Posts Tagged ‘Foreign Policy’



August 14, 2012

So the good news is…we don’t have to suffer through a campaign with the Republican VP candidate  thinking she is well-versed in foreign policy because she” can see Russia from my house”.

But the bad news is pretty overwhelming.  Neither the Presidential Candidate NOR the Vice Presidential Candidate has foreign-policy experience on his resume.

Of course, this is my hot button.  If we cannot recognize we have moved forward from WWII/Korean War days and a need for a grandiose weapons defense program and away from a cold war with the Soviets that ended decades ago, and to a stance where one knows better than EITHER current or past Presidents of either party in terms of Israel and mid-east , how in the world would this current  twosome recognize and draft a plan for the US to maintain a leadership position on the world-playing field?

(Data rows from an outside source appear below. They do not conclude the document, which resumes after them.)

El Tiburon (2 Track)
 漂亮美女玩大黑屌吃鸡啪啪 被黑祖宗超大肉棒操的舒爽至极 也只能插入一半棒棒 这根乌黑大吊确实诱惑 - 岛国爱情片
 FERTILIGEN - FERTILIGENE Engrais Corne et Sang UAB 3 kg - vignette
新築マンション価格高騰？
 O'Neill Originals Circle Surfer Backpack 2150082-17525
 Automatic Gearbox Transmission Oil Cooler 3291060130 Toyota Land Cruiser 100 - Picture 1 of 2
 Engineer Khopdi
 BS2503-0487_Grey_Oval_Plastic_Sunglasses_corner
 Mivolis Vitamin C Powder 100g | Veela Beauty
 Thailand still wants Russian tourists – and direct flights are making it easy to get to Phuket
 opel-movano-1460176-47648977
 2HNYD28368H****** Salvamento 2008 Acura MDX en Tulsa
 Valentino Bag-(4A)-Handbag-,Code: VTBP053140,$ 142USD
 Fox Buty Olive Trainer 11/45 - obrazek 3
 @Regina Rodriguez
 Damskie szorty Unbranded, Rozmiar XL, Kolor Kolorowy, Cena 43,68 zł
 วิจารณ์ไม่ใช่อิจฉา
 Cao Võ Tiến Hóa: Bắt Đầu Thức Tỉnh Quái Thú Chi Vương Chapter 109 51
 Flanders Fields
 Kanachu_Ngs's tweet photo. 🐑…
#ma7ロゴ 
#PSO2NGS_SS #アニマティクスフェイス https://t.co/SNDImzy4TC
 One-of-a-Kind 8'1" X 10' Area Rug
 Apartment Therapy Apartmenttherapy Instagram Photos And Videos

We will cut diplomatic spending and developmental funding, beef up arms and squander a real opportunity for the US to maintain a leadership position in the world of the 21st century.  We will  support Israel ridding the world of Palestinians and promise them the plan for Jerusalem set up at the time Israel was created by world agreement can be changed as soon as Obama is ousted (oh yes, one of the players that would need to vote yes was pretty offended by you and took you on during your Olympic visit) ; we will pay tribute to a country’s hero who has no role in the government of his country in today’s world, and think we have “won”; the rest of us should stop asking the embarrassing question about  your draft status and the Vietnam War…and it goes on, and on, and on.

Then add to No foreign policy, no understanding of foreign friend nor foe, no military experience,  and seemingly little understanding that in a globilized world, economics and foreign policy are inter-twined.  

Trying for a third or fourth time in recent decades to let the wealth “trickle down” and save us all is not going to work this time around either….but more important, can these two answer this question:


Japan’s economy has stalled out; several European countries economy has stalled out: and we may have seen this week the first crack in China’s predicted inability to sustain their growth.  All of these situations impact the United States – EITHER in 20th century culture OR in the world in which we live today.  What is your plan to address the impact of this?   

And by the way, has anyone shared that sending all the men to war and putting the women to work in factories to make 70 year old war tools is NOT the path to success in getting us out of this “Great Recession” ?  That may be the way we recovered the last time we suffered through an economic disaster as great as the last one we suffered through under George W, but another World War is not the solution in the 21st century.  And then there is…1929…2008.  I wonder what they had in common when we crashed?!!  Oh yes, Republican leadership, I believe.

All that on Foreign Policy matters and we have not addressed the economy yet..Ryan’s Plan we know – sort of, but Romney has his own plan?  Not so much.  All we really know is that the projection to get debt under control was in the year 2060 if we follow the Ryan plan…which, under pressure, he reduced to 2040.   I’m having a hard time with that too.  It is unacceptable that a two year drop through 2008-2009 has not been fixed by Obama in the past 2.5 years of his first term…and yet, it will take Romney/Ryan  28 years to get it done if we implement one of their plans? 

In short, boys, foreign policy and economics are inseparable in our globilized world of today.



July 29, 2012


Sorry to see this man retire!

I first heard the name a decade ago when Bush and the neo-cons were hatching their Iraq War Plans/  Crocker was co-author of “The Perfect Storm” – a memorandum defining risk of a U.S. Invasion of Iraq.  Yes, the ignored analysis that predicted accurately the disintegration of Iraqi society that did, indeed, take place!

Five years later, the Bushies with no other option, had to call on him for help to “fix the deadly situation.”

As ambassador, first in Iraq and then in Afghanistan, he worked to build trust with local leaders, understood intimidation would not work, and showed compassion towards the ordinary citizens caught in the life-threatening and political power struggles.  That was a rarity for Bush and Neo-cons –which  I repeatedly point out is reflected when we recite the cost of war and only mention deaths of AMERICAN soldiers, and not who we killed, or were killed by others because of our presence.

He suggests we need to learn the lessons of our recent past as we weigh military options for the future- including plans for Syria and Iran.

We’re a superpower, we don’t fight on our territory, but that means you are in somebody else’s stadium, playing by somebody else’s ground rules, and you have to understand the environment, the history, the politics of the country you wish to intervene in.

Good advice.  I THINK Obama gets this; I KNOW the neo-cons advising Romney do not.  And where those that support Romney stand, I have no idea.

In any case, I think it worthwhile to repeat three thoughts from Crocker as found in the Strib:

  1.        Remember the law of unintended consequences
  2.        Recognize the limits of the United States actual capabilities
  3.        Understand getting out of a conflict once you are in can often be dangerous and as destructive for the country as the original conflict.

And to those I would add: If you don’t have money to pay for it, you can’t just charge ten plus years of war, residual damage, and long-term impacts on the US soldiers and families involved to your successor. 

You fooled us once…I hope we learned not to trust you again.